A bill that would end deferral is currently on the floor of the U.S. House of Representatives. The Corporate Tax Fairness Act, developed by Senator Bernie Sanders (I-Vt.) in the Senate and Representative Janice Schakowsky (D-Ill.) in the House, was referred to the House Committee on Ways and Means in February, 2013, where it currently remains. The bill has only three co-sponsors: Representatives Keith Ellison (D-Minn.), Alan Grayson (D-Fla.), and Raul Grijalva (D-Ariz.).

Rep. Schakowsky asserted the importance of her bill in an interview with Remapping Debate. “Because of special rules for corporations and incentives we give them to set up foreign tax havens and engage in tax avoidance, [there is] about $590 billion over the next decade that could be in the U.S. Treasury.” Having that money, she said, “would avoid having to do things like cut nutrition programs for poor people, which we’re doing right now.” Tax avoidance by multinational corporations, she said, “really burdens…the vast majority of Americans in this country, and we should end that.”

And what would be the most important tool the U.S could use to reclaim the money lost to tax avoidance? “Really the big thing would be just to end the deferral of foreign source income and tax them for it,” Rep. Schakowsky said.

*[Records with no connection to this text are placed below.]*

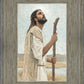 Our Shepherd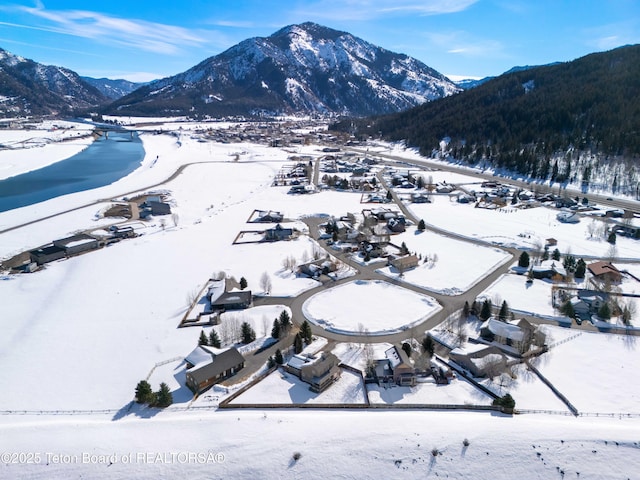 708 Palisades Ln, Alpine, WY 83128 - snowy aerial view with a mountain view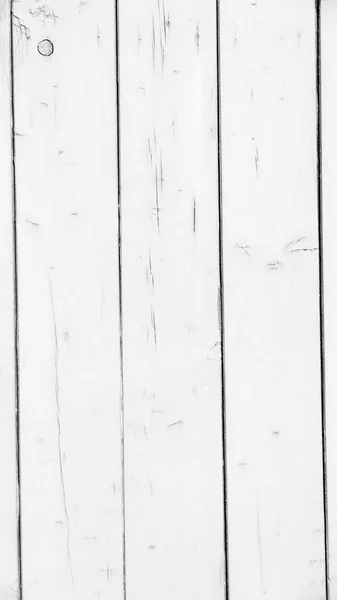 The background of white painted wooden boards — Stock Photo, Image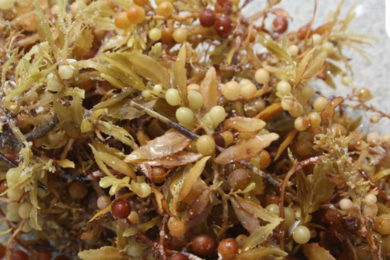 <p><span>brown algae that has many leafy blades on stem-like stipes and round, berry-like air bladders that are easy to observe</span></p>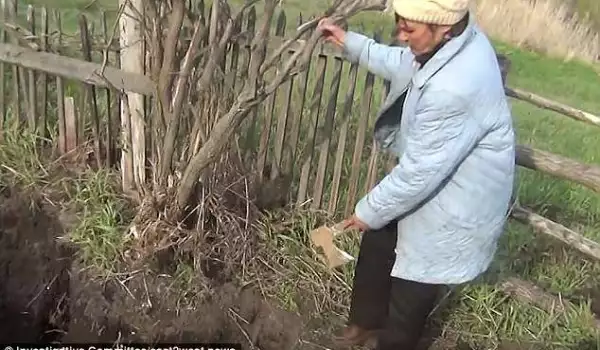 Черепа на убития съпруг в двора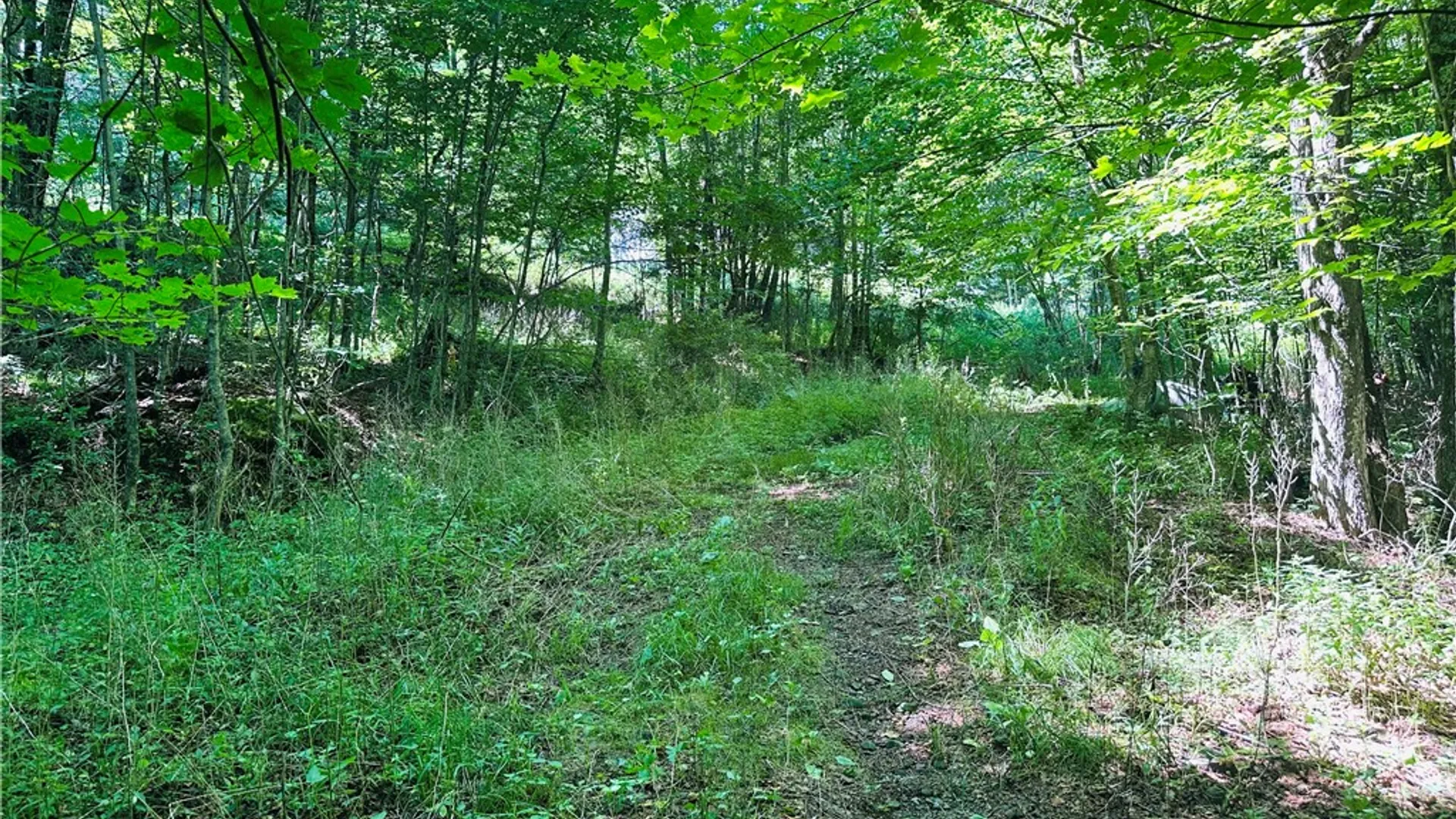 Property at 287 Dirt Road, Delhi, NY 13752 6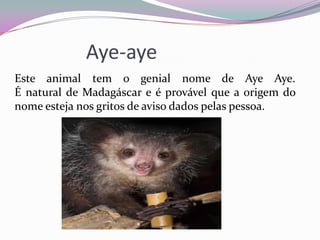 Aye-aye
Este animal tem o genial nome de Aye Aye.
É natural de Madagáscar e é provável que a origem do
nome esteja nos gritos de aviso dados pelas pessoa.
 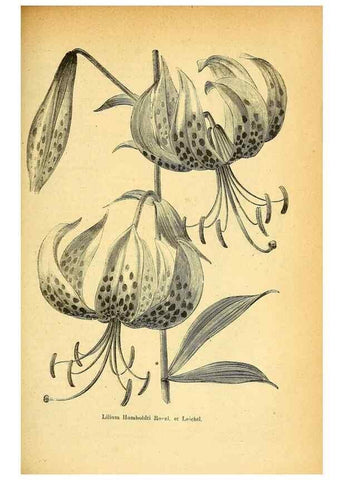 Reproducción/Reproduction 49705593741: Gartenflora.. Erlangen :F. Enke,1852-1940.. 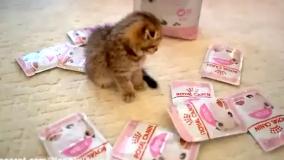 دیانا و روما | دیانا و روما | داستان های دیانا و روما | #دیانا شو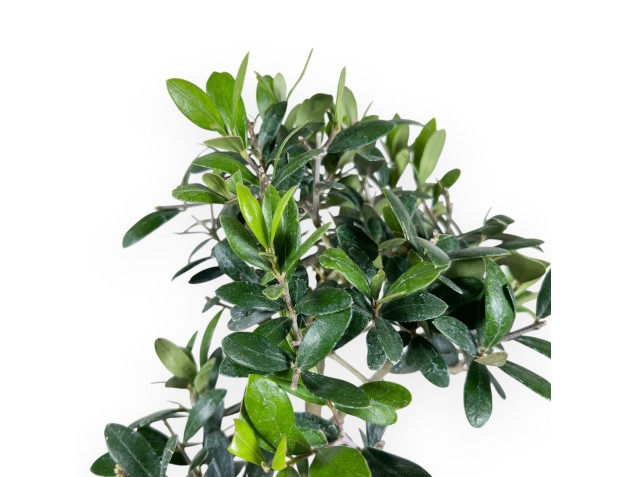 Bonsai di Olea da 42 cm | Vaso rettangolare blu 2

Hungerford recognized that ending deferral is, at least in this session of Congress, “kind of pie in the sky. I just don’t see any of this going through Congress at this time. But I think eventually [ending deferral] is probably the easiest thing to do…Then you just don’t have that problem.”

Sounds great, but the article fails to mention the experience of New Zealand, the only developed country to try such a policy. After ending deferral in 1988, New Zealand suffered a 20 year stagnation in foreign investment, which contributed to a concomitant decline in economic output and living standards, as the charts below illustrate. For these and other reasons, in 2009 New Zealand returned to a territorial tax system that exempts entirely the active foreign income of their multinational corporations. Read more about it here.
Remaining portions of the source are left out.